URI’s Main Gallery is pleased to present Some Food We Could Not Eat, an exhibition in conjunction with URI’s 2022 Honors Colloquium, Just Good Food, and sponsored by the College of the Enivronment and Life Sciences. The exhibition features the work of Kamari Carter, Jennie Maydew, and Zoe Scruggs, artists who are all interested in our food systems, and their effects on communities and culture. The exhibition is installed in Greenhouse 106, a space typically used for plant care and research. 

Kamari Carter is a producer, performer, sound designer, and installation artist primarily working with sound and found objects. Carter’s practice circumvents materiality and familiarity through a variety of recording and amplification techniques to investigate notions such as space, systems of identity, oppression, control, and surveillance. The piece Carter created for Some Food We Could Not Eat focuses on the children of the Peoples Temple Agricultural Project, better known as the infamous “Jonestown” cult. His installation uses an edited version of a recording from the day of the Jonestown mass suicide and 304 packets of Kool-Aid powder to meditate on these children taken in the name of “religious freedom”.

Jennie Maydew is a maker and educator engaged in a textile-based social practice.

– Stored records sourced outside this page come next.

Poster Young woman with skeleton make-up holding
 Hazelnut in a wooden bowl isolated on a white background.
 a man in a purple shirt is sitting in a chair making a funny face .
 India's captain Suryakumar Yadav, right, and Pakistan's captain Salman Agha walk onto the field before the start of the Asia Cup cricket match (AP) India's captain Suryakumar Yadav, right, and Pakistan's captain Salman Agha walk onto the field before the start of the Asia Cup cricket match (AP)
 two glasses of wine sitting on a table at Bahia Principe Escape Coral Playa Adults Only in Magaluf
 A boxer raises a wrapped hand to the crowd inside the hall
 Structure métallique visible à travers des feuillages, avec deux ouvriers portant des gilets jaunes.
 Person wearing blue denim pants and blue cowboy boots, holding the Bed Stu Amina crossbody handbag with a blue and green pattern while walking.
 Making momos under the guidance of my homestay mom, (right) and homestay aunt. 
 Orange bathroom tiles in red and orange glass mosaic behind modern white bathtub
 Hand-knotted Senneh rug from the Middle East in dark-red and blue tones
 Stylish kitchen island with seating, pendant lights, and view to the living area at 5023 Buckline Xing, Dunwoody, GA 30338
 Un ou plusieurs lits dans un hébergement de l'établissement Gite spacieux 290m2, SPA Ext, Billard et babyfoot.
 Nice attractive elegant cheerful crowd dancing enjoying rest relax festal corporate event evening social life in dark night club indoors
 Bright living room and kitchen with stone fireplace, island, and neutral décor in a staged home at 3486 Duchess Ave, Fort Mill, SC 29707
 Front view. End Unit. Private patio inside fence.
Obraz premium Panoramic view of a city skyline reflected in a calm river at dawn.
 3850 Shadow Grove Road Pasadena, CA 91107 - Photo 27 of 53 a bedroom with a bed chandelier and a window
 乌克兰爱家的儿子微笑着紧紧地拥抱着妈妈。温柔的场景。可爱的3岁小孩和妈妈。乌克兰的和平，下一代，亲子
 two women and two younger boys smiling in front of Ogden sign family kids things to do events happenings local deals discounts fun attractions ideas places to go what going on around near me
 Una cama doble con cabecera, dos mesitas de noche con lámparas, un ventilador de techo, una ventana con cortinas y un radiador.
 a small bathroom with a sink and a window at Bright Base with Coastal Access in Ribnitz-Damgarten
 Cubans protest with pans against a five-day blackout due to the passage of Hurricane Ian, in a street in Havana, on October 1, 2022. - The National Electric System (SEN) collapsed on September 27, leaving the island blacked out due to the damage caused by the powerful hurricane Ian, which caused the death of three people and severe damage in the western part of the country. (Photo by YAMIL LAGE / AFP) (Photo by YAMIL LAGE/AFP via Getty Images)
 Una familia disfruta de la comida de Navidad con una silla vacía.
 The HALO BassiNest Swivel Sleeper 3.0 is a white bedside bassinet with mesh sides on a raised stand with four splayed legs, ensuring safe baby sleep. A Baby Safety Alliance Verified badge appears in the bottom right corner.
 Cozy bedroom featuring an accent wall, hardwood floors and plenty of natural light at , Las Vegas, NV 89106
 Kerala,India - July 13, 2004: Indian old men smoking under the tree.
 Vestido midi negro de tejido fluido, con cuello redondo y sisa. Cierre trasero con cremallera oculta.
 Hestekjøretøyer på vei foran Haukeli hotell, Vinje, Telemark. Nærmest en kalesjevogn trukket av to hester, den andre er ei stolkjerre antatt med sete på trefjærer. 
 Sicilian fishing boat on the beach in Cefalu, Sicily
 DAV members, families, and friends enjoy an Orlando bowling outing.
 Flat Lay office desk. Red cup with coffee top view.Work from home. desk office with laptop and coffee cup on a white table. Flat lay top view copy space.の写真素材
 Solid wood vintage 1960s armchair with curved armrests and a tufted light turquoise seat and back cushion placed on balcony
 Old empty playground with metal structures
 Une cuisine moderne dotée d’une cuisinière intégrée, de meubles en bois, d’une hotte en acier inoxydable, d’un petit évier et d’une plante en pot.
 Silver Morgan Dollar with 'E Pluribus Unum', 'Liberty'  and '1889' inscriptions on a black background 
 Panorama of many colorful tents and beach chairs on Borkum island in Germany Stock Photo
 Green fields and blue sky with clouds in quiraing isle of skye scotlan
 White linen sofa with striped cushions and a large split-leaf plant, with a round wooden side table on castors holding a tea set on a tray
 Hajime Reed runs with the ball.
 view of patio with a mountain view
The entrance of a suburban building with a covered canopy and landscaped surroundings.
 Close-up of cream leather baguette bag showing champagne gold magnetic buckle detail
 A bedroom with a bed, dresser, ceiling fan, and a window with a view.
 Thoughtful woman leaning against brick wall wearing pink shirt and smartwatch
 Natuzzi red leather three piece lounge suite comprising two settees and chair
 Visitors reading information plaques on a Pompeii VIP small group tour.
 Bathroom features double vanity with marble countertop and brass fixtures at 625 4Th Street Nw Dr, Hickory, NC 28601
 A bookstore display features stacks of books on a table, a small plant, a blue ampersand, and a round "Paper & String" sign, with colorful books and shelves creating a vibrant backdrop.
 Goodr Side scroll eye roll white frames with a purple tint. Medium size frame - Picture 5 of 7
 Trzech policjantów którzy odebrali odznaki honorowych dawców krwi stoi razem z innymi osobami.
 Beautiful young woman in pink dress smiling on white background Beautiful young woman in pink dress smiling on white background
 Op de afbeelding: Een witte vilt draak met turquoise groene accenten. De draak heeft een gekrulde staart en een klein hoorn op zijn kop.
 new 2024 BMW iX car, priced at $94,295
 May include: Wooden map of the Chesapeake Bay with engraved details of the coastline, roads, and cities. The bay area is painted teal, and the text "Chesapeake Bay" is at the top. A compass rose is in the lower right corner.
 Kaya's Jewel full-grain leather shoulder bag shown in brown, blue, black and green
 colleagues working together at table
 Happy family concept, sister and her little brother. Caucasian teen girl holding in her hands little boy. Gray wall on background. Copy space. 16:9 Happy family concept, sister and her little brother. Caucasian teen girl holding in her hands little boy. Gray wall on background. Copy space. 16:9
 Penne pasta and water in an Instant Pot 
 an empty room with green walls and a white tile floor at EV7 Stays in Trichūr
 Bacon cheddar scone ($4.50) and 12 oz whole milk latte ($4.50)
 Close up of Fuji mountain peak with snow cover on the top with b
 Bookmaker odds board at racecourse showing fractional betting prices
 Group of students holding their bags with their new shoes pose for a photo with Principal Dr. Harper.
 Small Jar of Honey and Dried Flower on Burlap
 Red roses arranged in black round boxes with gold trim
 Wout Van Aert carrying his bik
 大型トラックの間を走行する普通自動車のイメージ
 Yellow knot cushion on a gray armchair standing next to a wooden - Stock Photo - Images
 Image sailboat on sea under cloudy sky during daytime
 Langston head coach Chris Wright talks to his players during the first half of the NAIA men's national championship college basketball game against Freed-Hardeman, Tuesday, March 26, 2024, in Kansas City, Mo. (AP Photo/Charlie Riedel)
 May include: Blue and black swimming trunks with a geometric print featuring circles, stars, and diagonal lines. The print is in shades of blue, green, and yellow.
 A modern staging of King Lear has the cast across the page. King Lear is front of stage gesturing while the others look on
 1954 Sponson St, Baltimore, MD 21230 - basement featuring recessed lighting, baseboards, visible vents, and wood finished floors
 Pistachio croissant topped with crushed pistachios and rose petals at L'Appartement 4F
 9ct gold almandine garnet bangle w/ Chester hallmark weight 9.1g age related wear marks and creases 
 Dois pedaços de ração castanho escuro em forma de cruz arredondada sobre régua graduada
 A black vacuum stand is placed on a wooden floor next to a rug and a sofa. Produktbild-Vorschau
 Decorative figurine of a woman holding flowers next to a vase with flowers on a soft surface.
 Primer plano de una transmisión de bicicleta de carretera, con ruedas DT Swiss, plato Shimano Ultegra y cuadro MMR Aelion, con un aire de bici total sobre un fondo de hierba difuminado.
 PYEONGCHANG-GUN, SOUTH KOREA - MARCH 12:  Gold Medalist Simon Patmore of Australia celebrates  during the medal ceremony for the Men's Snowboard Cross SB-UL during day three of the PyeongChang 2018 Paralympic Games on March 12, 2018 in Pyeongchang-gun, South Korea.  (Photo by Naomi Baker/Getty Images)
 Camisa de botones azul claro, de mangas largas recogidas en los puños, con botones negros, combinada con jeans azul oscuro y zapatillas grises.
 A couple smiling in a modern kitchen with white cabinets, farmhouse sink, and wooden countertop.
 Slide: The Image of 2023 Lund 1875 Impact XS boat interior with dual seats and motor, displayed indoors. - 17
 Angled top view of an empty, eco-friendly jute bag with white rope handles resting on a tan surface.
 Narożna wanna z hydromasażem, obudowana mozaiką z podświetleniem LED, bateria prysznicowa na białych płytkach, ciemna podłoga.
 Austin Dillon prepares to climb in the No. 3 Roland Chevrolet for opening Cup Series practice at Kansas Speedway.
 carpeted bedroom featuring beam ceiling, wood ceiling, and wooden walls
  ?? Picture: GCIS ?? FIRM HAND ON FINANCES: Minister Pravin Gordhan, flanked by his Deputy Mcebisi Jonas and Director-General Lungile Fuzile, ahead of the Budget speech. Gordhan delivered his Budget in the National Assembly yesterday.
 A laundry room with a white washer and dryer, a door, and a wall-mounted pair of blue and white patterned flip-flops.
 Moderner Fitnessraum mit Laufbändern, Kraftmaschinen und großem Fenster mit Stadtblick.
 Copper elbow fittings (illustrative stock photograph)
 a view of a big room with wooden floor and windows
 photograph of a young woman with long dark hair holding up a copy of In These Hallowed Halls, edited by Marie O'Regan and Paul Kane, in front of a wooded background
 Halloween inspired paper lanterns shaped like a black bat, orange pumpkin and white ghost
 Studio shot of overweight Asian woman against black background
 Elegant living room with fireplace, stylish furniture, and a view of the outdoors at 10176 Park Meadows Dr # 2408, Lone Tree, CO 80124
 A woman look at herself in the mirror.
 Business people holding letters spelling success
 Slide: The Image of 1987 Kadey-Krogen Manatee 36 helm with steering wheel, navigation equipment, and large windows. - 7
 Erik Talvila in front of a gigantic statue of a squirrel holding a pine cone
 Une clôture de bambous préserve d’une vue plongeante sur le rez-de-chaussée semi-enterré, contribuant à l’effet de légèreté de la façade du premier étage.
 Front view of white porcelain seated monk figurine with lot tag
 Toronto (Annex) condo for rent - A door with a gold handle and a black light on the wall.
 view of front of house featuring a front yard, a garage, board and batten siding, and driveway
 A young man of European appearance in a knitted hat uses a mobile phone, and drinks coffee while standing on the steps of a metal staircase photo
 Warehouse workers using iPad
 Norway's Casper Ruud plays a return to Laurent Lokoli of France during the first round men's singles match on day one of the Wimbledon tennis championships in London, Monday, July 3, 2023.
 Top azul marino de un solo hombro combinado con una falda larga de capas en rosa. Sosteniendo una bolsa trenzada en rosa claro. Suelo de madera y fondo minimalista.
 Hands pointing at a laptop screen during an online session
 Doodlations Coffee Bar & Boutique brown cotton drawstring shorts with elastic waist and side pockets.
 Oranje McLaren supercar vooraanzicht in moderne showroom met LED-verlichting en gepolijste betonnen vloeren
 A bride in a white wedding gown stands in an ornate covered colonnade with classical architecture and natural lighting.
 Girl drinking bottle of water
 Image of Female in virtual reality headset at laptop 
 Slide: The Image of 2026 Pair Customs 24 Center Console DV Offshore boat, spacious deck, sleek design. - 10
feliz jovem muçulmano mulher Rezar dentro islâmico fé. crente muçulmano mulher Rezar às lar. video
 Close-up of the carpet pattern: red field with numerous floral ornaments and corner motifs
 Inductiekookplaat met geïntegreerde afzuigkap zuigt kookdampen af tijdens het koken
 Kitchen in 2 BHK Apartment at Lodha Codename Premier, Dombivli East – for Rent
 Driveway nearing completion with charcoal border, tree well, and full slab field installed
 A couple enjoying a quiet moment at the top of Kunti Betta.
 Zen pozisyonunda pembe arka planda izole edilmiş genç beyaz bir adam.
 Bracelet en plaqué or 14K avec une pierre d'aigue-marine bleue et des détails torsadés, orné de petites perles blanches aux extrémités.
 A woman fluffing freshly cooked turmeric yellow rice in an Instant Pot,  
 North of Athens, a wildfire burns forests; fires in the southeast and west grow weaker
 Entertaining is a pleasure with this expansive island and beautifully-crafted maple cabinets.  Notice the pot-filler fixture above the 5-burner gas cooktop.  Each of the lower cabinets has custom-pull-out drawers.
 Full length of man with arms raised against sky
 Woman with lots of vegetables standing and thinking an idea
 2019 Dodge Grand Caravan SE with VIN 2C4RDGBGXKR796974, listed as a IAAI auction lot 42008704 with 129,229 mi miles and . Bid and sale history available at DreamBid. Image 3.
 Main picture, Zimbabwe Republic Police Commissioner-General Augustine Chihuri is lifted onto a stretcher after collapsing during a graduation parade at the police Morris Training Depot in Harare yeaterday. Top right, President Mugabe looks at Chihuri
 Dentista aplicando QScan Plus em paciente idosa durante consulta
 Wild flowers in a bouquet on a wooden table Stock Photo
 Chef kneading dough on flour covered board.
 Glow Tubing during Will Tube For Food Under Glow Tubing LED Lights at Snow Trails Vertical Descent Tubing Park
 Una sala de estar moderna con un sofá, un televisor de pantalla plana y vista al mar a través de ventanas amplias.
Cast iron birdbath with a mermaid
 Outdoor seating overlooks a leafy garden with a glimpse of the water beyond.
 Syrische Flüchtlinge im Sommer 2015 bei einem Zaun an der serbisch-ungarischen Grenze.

Applying traditional craft methods and contemporary pedagogy, she creates wearable objects, textile conversations, and reciprocal learning environments. Jennie is showing a large paper and textile installation made from found, foraged, and waste materials, including some from the land around the URI campus. She is also installing an anthocyanin and betalain printing process that is activated by the sun in the greenhouse.

Zoe Scruggs is a multidisciplinary artist and musician. Much of her work is inspired by farmers, environmental justice activists, and black feminist cultural workers, and grapples with the ways Black American trauma is rooted in a relationship to land. For this exhibition, Scruggs has contributed two drawings reproduced as vinyl banners, and the score for an original song. These pieces come from Scruggs’ study of systemic issues impacting agriculture, and the practice of “greenwashing,” where corporations pretend to be more environmentally friendly than they are in order to attract customers concerned about climate change. 

The exhibition opens October 15th, and will continue through December 13th. The Greenhouse is open to visitors 8am–4pm, Monday–Friday, with exceptions for university holidays. Please join us for an opening reception on Saturday, October 15th, from 3–6pm which will feature refreshments by Jennie Maydew that highlight the visual and edible qualities of anthocyanin and betalain—light-sensitive plant pigments that produce blue-red-purple colors and contain antioxidant properties.